What is needed is a verbatim copy of each record below.

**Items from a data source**
============================================================

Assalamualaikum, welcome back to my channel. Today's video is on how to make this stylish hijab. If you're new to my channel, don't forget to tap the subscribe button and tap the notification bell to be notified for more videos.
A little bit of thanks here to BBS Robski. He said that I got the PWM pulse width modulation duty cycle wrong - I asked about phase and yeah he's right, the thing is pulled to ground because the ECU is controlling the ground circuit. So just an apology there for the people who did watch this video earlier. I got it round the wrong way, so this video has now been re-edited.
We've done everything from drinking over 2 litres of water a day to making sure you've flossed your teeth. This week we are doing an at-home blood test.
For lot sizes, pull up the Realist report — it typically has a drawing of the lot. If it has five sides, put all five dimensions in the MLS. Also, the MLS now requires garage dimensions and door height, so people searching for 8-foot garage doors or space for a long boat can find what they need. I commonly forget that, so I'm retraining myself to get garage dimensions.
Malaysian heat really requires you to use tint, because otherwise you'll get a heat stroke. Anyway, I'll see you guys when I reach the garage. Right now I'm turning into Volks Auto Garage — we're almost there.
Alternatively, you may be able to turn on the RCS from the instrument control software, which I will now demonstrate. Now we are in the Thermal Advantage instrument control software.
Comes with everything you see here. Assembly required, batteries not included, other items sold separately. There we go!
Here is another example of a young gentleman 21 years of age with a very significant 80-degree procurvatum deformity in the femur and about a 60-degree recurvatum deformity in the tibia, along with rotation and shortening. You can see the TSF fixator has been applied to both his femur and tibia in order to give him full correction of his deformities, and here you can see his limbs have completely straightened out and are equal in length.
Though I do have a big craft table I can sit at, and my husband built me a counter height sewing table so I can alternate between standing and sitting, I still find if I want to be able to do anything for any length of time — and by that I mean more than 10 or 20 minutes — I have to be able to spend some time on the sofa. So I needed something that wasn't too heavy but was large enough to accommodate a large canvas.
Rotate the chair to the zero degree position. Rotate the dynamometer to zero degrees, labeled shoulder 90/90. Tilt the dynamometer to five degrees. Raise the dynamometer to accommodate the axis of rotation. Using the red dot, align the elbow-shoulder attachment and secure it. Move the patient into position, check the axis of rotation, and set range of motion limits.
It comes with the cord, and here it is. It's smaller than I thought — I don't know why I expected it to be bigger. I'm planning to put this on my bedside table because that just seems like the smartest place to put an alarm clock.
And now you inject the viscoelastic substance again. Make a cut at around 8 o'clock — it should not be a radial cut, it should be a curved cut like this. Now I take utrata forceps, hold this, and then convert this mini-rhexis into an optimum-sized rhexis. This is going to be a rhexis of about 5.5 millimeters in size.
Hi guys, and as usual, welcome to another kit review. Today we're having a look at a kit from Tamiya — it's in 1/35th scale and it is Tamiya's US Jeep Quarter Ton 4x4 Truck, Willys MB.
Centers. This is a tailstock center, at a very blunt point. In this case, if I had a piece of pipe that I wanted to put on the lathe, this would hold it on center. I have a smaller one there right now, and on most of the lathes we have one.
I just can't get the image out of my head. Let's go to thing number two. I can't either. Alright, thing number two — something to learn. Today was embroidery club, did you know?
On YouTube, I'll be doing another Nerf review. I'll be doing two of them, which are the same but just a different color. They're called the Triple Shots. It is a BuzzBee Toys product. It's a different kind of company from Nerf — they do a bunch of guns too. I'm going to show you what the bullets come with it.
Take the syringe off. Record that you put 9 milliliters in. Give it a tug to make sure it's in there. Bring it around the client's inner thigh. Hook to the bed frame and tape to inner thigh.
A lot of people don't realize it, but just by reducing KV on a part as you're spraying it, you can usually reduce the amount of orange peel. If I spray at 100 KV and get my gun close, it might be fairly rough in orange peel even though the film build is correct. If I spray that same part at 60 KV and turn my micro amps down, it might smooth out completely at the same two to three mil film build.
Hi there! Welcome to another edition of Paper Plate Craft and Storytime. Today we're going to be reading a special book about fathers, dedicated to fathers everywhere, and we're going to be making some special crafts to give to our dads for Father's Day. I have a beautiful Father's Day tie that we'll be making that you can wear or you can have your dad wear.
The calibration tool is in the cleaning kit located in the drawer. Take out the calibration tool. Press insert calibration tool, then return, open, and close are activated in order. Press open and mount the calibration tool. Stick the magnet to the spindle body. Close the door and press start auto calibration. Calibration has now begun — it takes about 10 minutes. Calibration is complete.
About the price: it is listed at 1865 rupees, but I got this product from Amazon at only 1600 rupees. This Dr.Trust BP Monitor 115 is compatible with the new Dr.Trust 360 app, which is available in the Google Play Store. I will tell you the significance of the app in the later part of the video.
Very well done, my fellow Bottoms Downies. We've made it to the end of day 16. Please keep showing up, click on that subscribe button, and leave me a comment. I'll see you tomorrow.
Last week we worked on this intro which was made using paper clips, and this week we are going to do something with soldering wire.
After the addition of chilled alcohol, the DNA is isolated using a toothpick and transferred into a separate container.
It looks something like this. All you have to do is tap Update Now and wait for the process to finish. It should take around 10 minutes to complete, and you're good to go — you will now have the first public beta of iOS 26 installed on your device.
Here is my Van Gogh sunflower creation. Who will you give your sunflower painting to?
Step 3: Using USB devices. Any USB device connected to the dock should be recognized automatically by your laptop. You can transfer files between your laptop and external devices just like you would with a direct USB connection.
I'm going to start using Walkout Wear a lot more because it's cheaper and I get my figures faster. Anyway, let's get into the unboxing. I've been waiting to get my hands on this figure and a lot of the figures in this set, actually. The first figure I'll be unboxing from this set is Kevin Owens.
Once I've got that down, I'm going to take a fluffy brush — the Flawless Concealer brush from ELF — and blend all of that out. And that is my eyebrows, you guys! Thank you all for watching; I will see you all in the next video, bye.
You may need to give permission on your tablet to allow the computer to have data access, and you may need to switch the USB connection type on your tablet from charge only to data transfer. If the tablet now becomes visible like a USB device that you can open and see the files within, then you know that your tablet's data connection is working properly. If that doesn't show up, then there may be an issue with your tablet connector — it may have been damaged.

============================================================

**Task solution**
Assalamualaikum, welcome back to my channel. Today's video is on how to make this stylish hijab. If you're new to my channel, don't forget to tap the subscribe button and tap the notification bell to be notified for more videos.
A little bit of thanks here to BBS Robski. He said that I got the PWM pulse width modulation duty cycle wrong - I asked about phase and yeah he's right, the thing is pulled to ground because the ECU is controlling the ground circuit. So just an apology there for the people who did watch this video earlier. I got it round the wrong way, so this video has now been re-edited.
We've done everything from drinking over 2 litres of water a day to making sure you've flossed your teeth. This week we are doing an at-home blood test.
For lot sizes, pull up the Realist report — it typically has a drawing of the lot. If it has five sides, put all five dimensions in the MLS. Also, the MLS now requires garage dimensions and door height, so people searching for 8-foot garage doors or space for a long boat can find what they need. I commonly forget that, so I'm retraining myself to get garage dimensions.
Malaysian heat really requires you to use tint, because otherwise you'll get a heat stroke. Anyway, I'll see you guys when I reach the garage. Right now I'm turning into Volks Auto Garage — we're almost there.
Alternatively, you may be able to turn on the RCS from the instrument control software, which I will now demonstrate. Now we are in the Thermal Advantage instrument control software.
Comes with everything you see here. Assembly required, batteries not included, other items sold separately. There we go!
Here is another example of a young gentleman 21 years of age with a very significant 80-degree procurvatum deformity in the femur and about a 60-degree recurvatum deformity in the tibia, along with rotation and shortening. You can see the TSF fixator has been applied to both his femur and tibia in order to give him full correction of his deformities, and here you can see his limbs have completely straightened out and are equal in length.
Though I do have a big craft table I can sit at, and my husband built me a counter height sewing table so I can alternate between standing and sitting, I still find if I want to be able to do anything for any length of time — and by that I mean more than 10 or 20 minutes — I have to be able to spend some time on the sofa. So I needed something that wasn't too heavy but was large enough to accommodate a large canvas.
Rotate the chair to the zero degree position. Rotate the dynamometer to zero degrees, labeled shoulder 90/90. Tilt the dynamometer to five degrees. Raise the dynamometer to accommodate the axis of rotation. Using the red dot, align the elbow-shoulder attachment and secure it. Move the patient into position, check the axis of rotation, and set range of motion limits.
It comes with the cord, and here it is. It's smaller than I thought — I don't know why I expected it to be bigger. I'm planning to put this on my bedside table because that just seems like the smartest place to put an alarm clock.
And now you inject the viscoelastic substance again. Make a cut at around 8 o'clock — it should not be a radial cut, it should be a curved cut like this. Now I take utrata forceps, hold this, and then convert this mini-rhexis into an optimum-sized rhexis. This is going to be a rhexis of about 5.5 millimeters in size.
Hi guys, and as usual, welcome to another kit review. Today we're having a look at a kit from Tamiya — it's in 1/35th scale and it is Tamiya's US Jeep Quarter Ton 4x4 Truck, Willys MB.
Centers. This is a tailstock center, at a very blunt point. In this case, if I had a piece of pipe that I wanted to put on the lathe, this would hold it on center. I have a smaller one there right now, and on most of the lathes we have one.
I just can't get the image out of my head. Let's go to thing number two. I can't either. Alright, thing number two — something to learn. Today was embroidery club, did you know?
On YouTube, I'll be doing another Nerf review. I'll be doing two of them, which are the same but just a different color. They're called the Triple Shots. It is a BuzzBee Toys product. It's a different kind of company from Nerf — they do a bunch of guns too. I'm going to show you what the bullets come with it.
Take the syringe off. Record that you put 9 milliliters in. Give it a tug to make sure it's in there. Bring it around the client's inner thigh. Hook to the bed frame and tape to inner thigh.
A lot of people don't realize it, but just by reducing KV on a part as you're spraying it, you can usually reduce the amount of orange peel. If I spray at 100 KV and get my gun close, it might be fairly rough in orange peel even though the film build is correct. If I spray that same part at 60 KV and turn my micro amps down, it might smooth out completely at the same two to three mil film build.
Hi there! Welcome to another edition of Paper Plate Craft and Storytime. Today we're going to be reading a special book about fathers, dedicated to fathers everywhere, and we're going to be making some special crafts to give to our dads for Father's Day. I have a beautiful Father's Day tie that we'll be making that you can wear or you can have your dad wear.
The calibration tool is in the cleaning kit located in the drawer. Take out the calibration tool. Press insert calibration tool, then return, open, and close are activated in order. Press open and mount the calibration tool. Stick the magnet to the spindle body. Close the door and press start auto calibration. Calibration has now begun — it takes about 10 minutes. Calibration is complete.
About the price: it is listed at 1865 rupees, but I got this product from Amazon at only 1600 rupees. This Dr.Trust BP Monitor 115 is compatible with the new Dr.Trust 360 app, which is available in the Google Play Store. I will tell you the significance of the app in the later part of the video.
Very well done, my fellow Bottoms Downies. We've made it to the end of day 16. Please keep showing up, click on that subscribe button, and leave me a comment. I'll see you tomorrow.
Last week we worked on this intro which was made using paper clips, and this week we are going to do something with soldering wire.
After the addition of chilled alcohol, the DNA is isolated using a toothpick and transferred into a separate container.
It looks something like this. All you have to do is tap Update Now and wait for the process to finish. It should take around 10 minutes to complete, and you're good to go — you will now have the first public beta of iOS 26 installed on your device.
Here is my Van Gogh sunflower creation. Who will you give your sunflower painting to?
Step 3: Using USB devices. Any USB device connected to the dock should be recognized automatically by your laptop. You can transfer files between your laptop and external devices just like you would with a direct USB connection.
I'm going to start using Walkout Wear a lot more because it's cheaper and I get my figures faster. Anyway, let's get into the unboxing. I've been waiting to get my hands on this figure and a lot of the figures in this set, actually. The first figure I'll be unboxing from this set is Kevin Owens.
Once I've got that down, I'm going to take a fluffy brush — the Flawless Concealer brush from ELF — and blend all of that out. And that is my eyebrows, you guys! Thank you all for watching; I will see you all in the next video, bye.
You may need to give permission on your tablet to allow the computer to have data access, and you may need to switch the USB connection type on your tablet from charge only to data transfer. If the tablet now becomes visible like a USB device that you can open and see the files within, then you know that your tablet's data connection is working properly. If that doesn't show up, then there may be an issue with your tablet connector — it may have been damaged.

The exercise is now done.